Your task: Type the listing below out again exactly. No images.

Dataset excerpt:
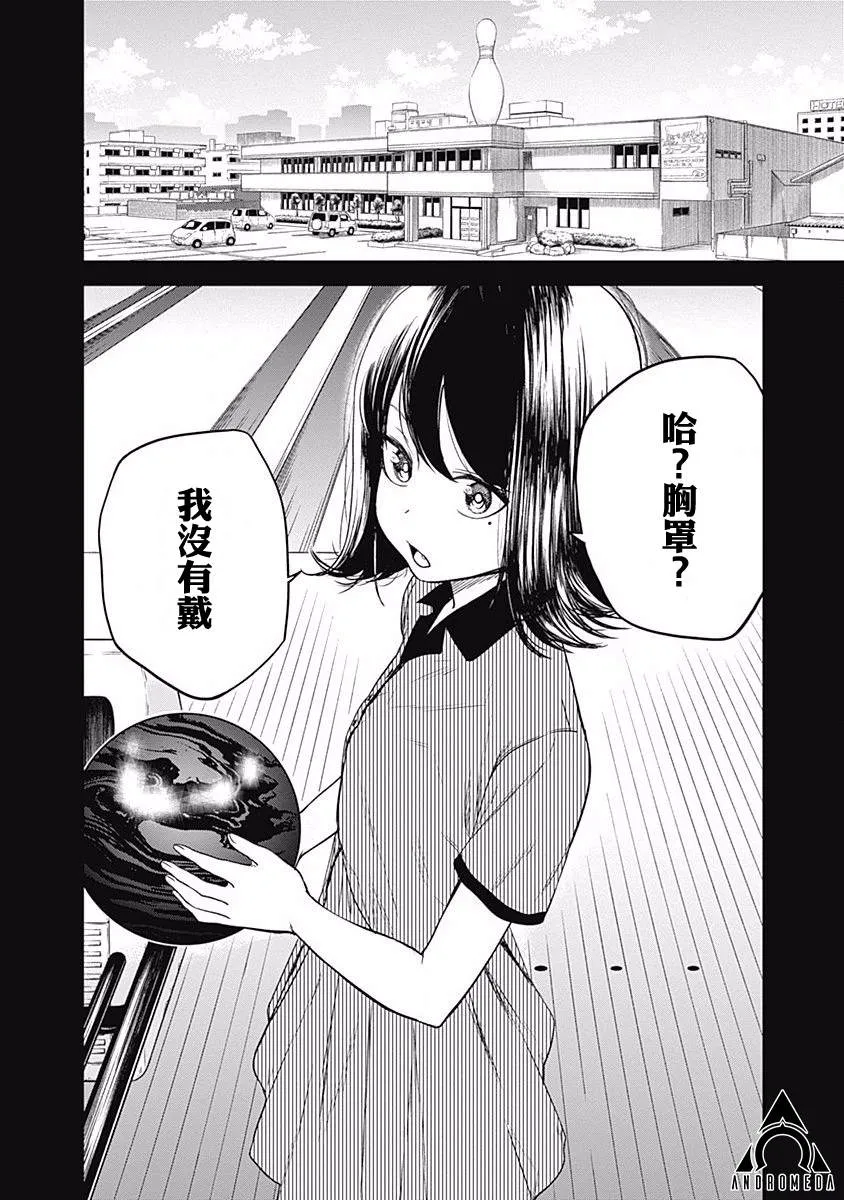 第6话 第14页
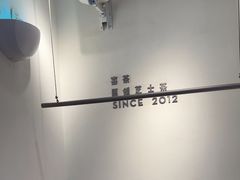 -喜茶(佛山岭南站店)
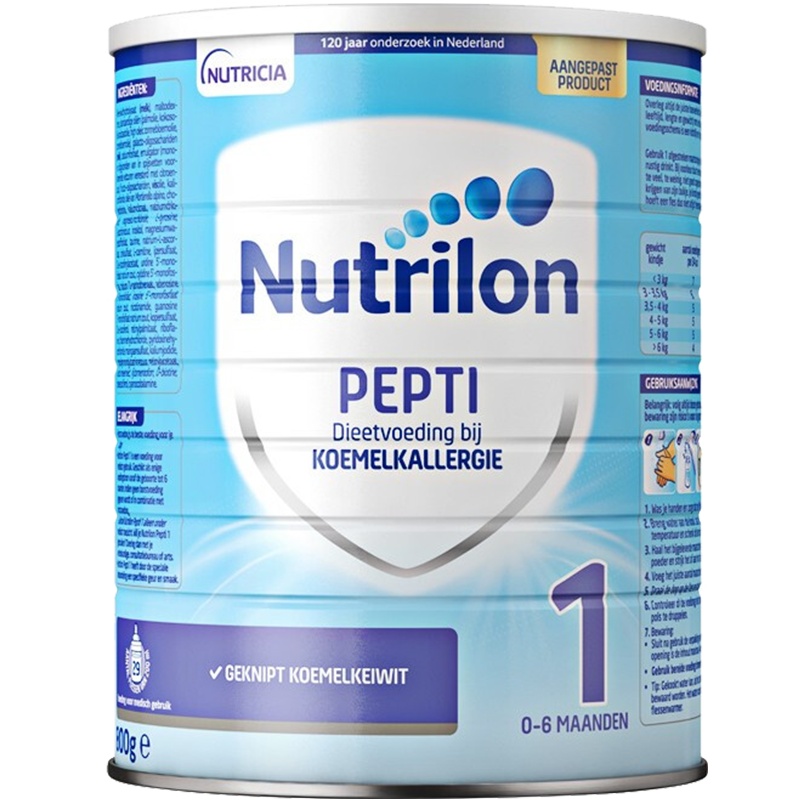 Nutrilon荷兰牛栏 深度水解奶粉peti 1段(0-6个月)800g/罐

Solution below:
 第6话 第14页
 -喜茶(佛山岭南站店)
 Nutrilon荷兰牛栏 深度水解奶粉peti 1段(0-6个月)800g/罐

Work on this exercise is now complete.